Con toda frecuencia, las tragedias en los ochomiles de la Tierra se producen “desescalando”. A veces, el puro cansancio es la causa: algunos montañeros, armados de pasión pero superados por dosis de imprudencia y ambición, parece que solo contemplaban subir, y es en ese esfuerzo donde colocaron todo su arsenal físico y mental.
Otras veces el drama surge a raíz de una inexactitud técnica. Para subir necesitas buenos pulmones y mucho músculo, pero sobre todo determinación. Las bajadas exigen, sin embargo, habilidad y contención: un giro excesivo o un tropezón minúsculo pueden arrastrarte con extrema facilidad al fin de los días.
Los españoles hemos empezado a bajar de la crisis sanitaria que ha revolcado nuestras existencias bulliciosos e intensos, quizá para olvidar cuanto antes las semanas de custodia obligada en casa. Por momentos parece que hemos olvidado que el adversario de nuestro sistema inmune sigue ahí, esperando. Y que nada ha cambiado en exceso desde que, a principios de marzo, se pusieran en suspenso, por decreto, nuestras vidas. No hay fármacos solventes, tampoco vacuna y aún estamos muy lejos de la inmunidad de grupo.
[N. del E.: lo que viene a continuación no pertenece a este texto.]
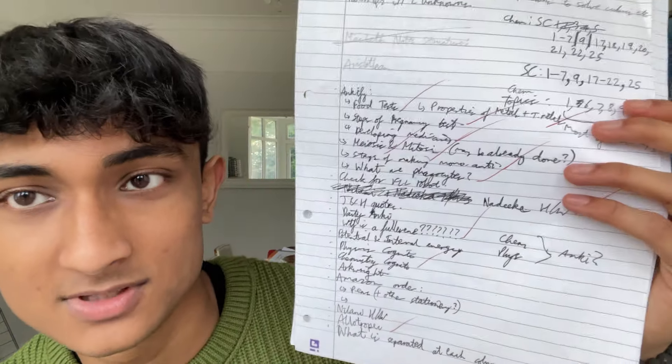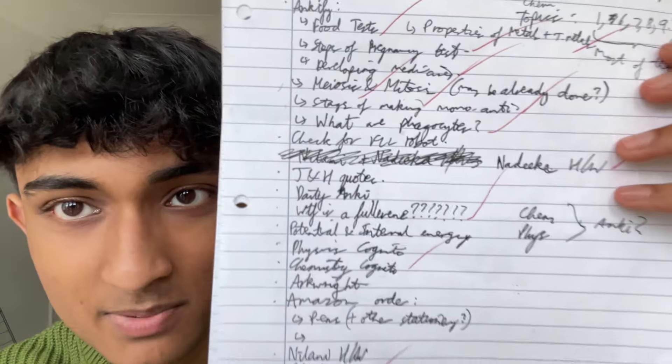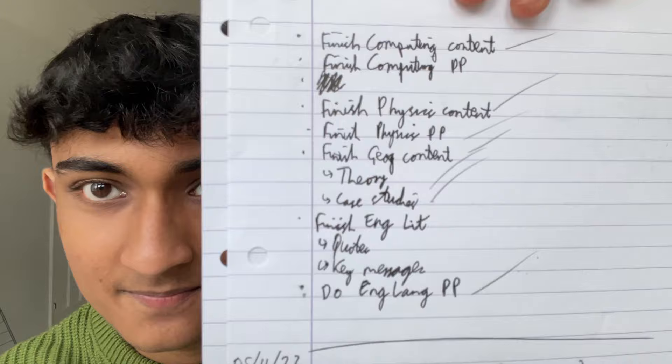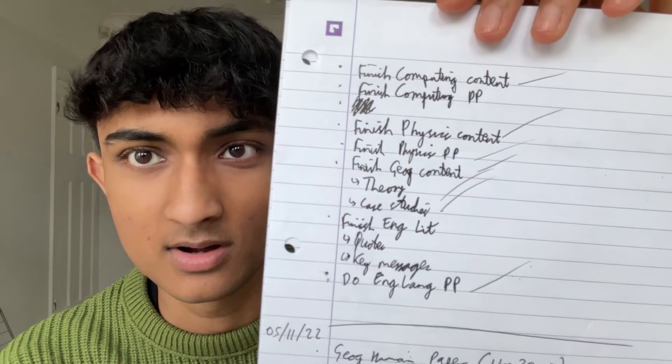I would suggest getting a revision planner, or simply what I did really close to my exams: take pieces of paper and just write massive to-do lists for certain days, or planning out what I'm going to do over the next four days. You could even do that for the whole two weeks — that would be really organised. It doesn't need to be pretty; I've just made a very simple list and ticked off what I've completed.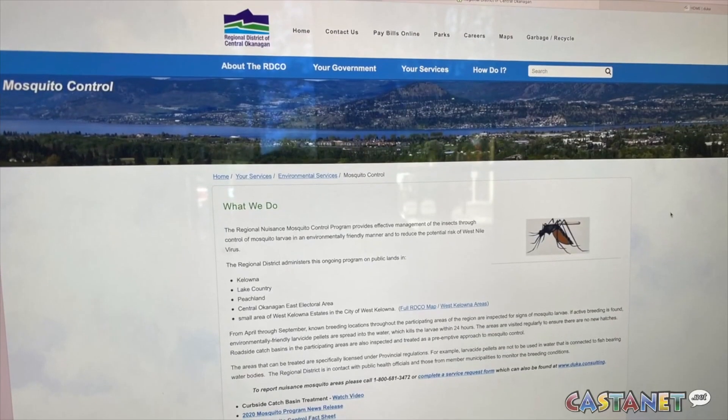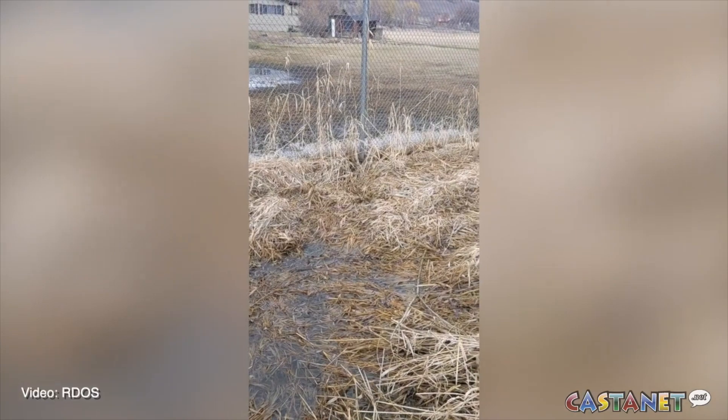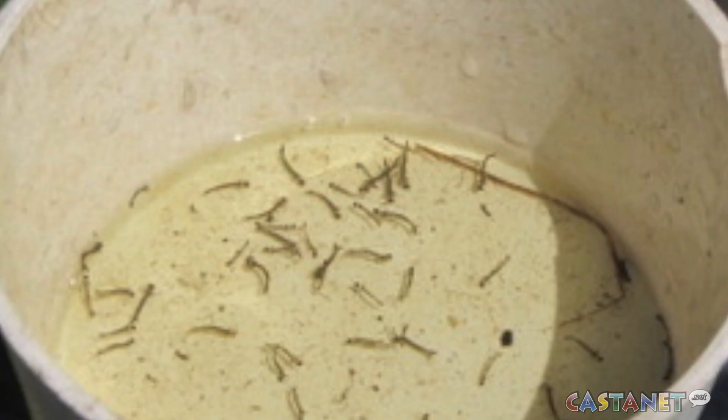So the regional district is asking you to help by taking a look around your yard, removing standing water from their properties, and filling in low areas that may provide just a few millimeters of water — that's enough for mosquito larvae to breed.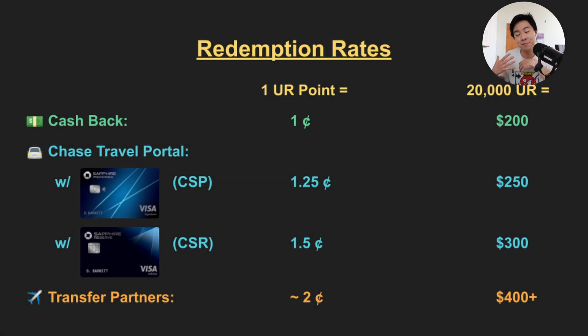I love this card in particular because the points you earn are Chase Ultimate Reward Points. You can always redeem them for cashback at one cent per point. However, if you have a premium Chase travel card like the Chase Sapphire Preferred or the Chase Sapphire Reserve, you can actually transfer these points onto airline and hotel partners to get something like two cents per point. If you want to learn more about how to redeem Ultimate Reward Points for extra value, check out the Chase Trifecta video here on this channel.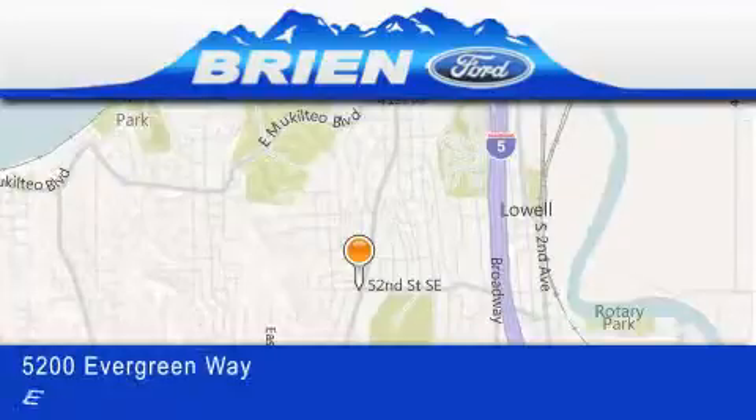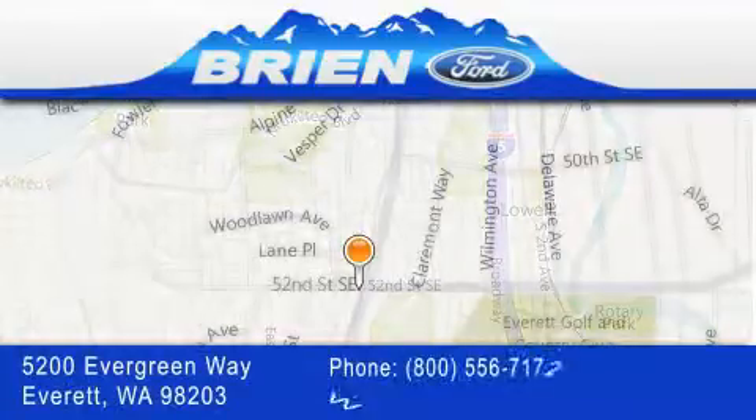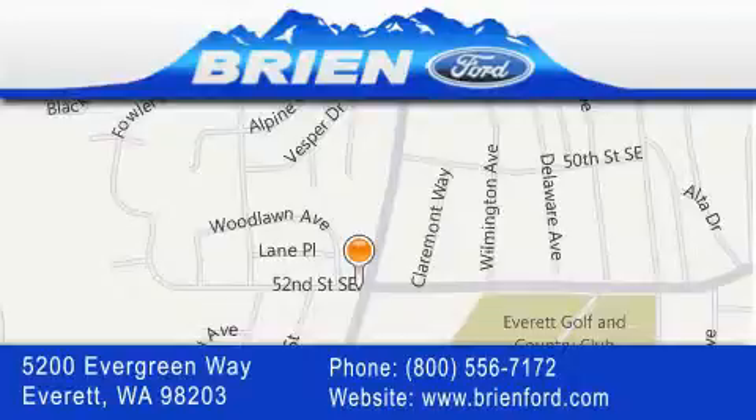Bryan Ford is located at 5200 Evergreen Way in Everett. Our goal is to exceed all of your expectations to ensure that you'll return for future visits.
Sin embargo, estamos bajando esta trágica cumbre del Himalaya que ya ha provocado solo en nuestro país más de 27.000 fatalidades sin la concentración suficiente, y desde luego sin la precisión debida. No somos un pueblo al que se le dé muy bien alejarse del contacto social. Tampoco somos muy buenos siguiendo directrices. Pero si no hacemos ni lo uno ni lo otro en la medida suficiente, las jornadas que quedan, y son muchas, van a suponer un descalabro en número de víctimas de unas dimensiones difíciles de asumir.
No es ahora mismo tan importante si el Gobierno del país actuó tarde, como esgrime la presidenta de la Comunidad de Madrid, y como parece como mínimo probable. Ni lo es, tampoco, si los 2.400 euros mensuales que cuesta la habitación en la que vive Isabel Díaz Ayuso desde hace dos meses los va a pagar ella, que lo debería hacer, o no. Este descenso implacable y exigente en el que estamos inmersos no parece el mejor lugar para arrojar pecados potenciales a los demás.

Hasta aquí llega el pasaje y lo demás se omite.